In 2006 he was elevated to Fellow of the
Institute of Electrical and Electronics
Engineers (IEEE) "for contributions to
storage systems architecture and performance".
In 2008 he was inducted a
Fellow of the American Association for the Advancement of Science
He has held visiting faculty positions at the Université Paris—Dauphine (Paris IX), the Conservatoire National des Arts et Métiers, the Université Paris—Descartes (Paris V), the University of Technology, Sydney, the Center for Communications Research, the United States Naval Postgraduate School and is Professor ad Honorem de la Universidad Católica del Uruguay. He is an Associate Member of the European Organization for Nuclear Research (CERN).

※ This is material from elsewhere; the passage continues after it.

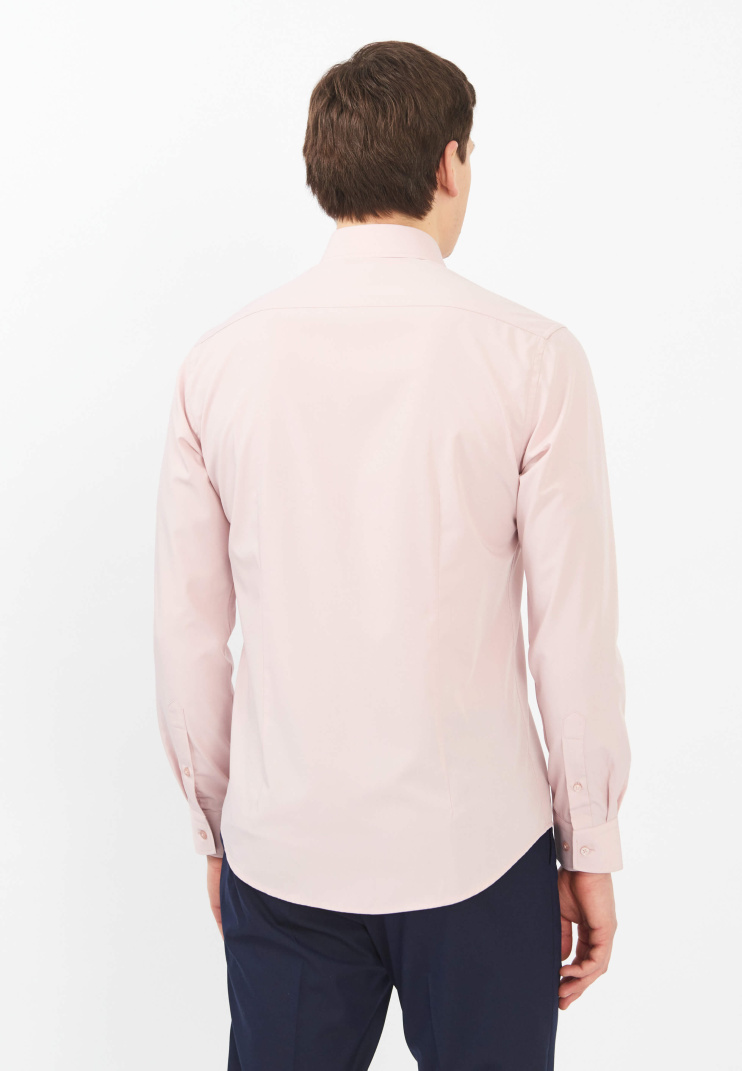 Сорочка муж. дл. рук. GROSTYLE TRENDY SS017172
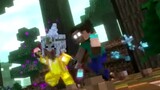 Hoạt hình|Minecraft|Đây mới là "Annoying Villagers" thật sự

He has broad research interests in many areas of mathematics and science, and in the area of computer science include data storage systems, operating systems, distributed computing, reliability & fault tolerance, and computer security. His research has been supported by the National Science Foundation, the Department of Energy (Office of Science and National Nuclear Security Administration), Lawrence Livermore, Los Alamos and Sandia National Laboratories, NASA, the Office of Naval Research, and a number of industrial sponsors that include IBM, Microsoft, NetApp, Symantec, LSI Logic, Samsung, Exablox, Toshiba, Scality, Hewlett-Packard Enterprise, Broadcom, eBay, Pure Storage, Toshiba, Avago, Exablox, Huawei, Intel, Sandisk, Seagate, SK Hynix, Veritas and Data Domain.
He served as the Vice Chair and then Chair of the University of California Committee on Research Policy. He has served on the University of California President's Council on the National Laboratories, and on the Science & Technology, National Security and Intelligence committees for those laboratories. He recently served on the University of California Academic Council Special Committee on Laboratory Issues (ACSCOLI). He served for a number of years on the National Research Council's Standing Committee on Technology Insight-Gauge, Evaluate and Review (TIGER), on the Committee on Defense Intelligence Agency Technology Forecasts and Reviews and on the National Research Council's Committee on Science and Technology for Defense Warning. He currently serves on the Intelligence Science and Technology Experts Group (ISTEG) for the National Academies of Sciences, Engineering and Medicine.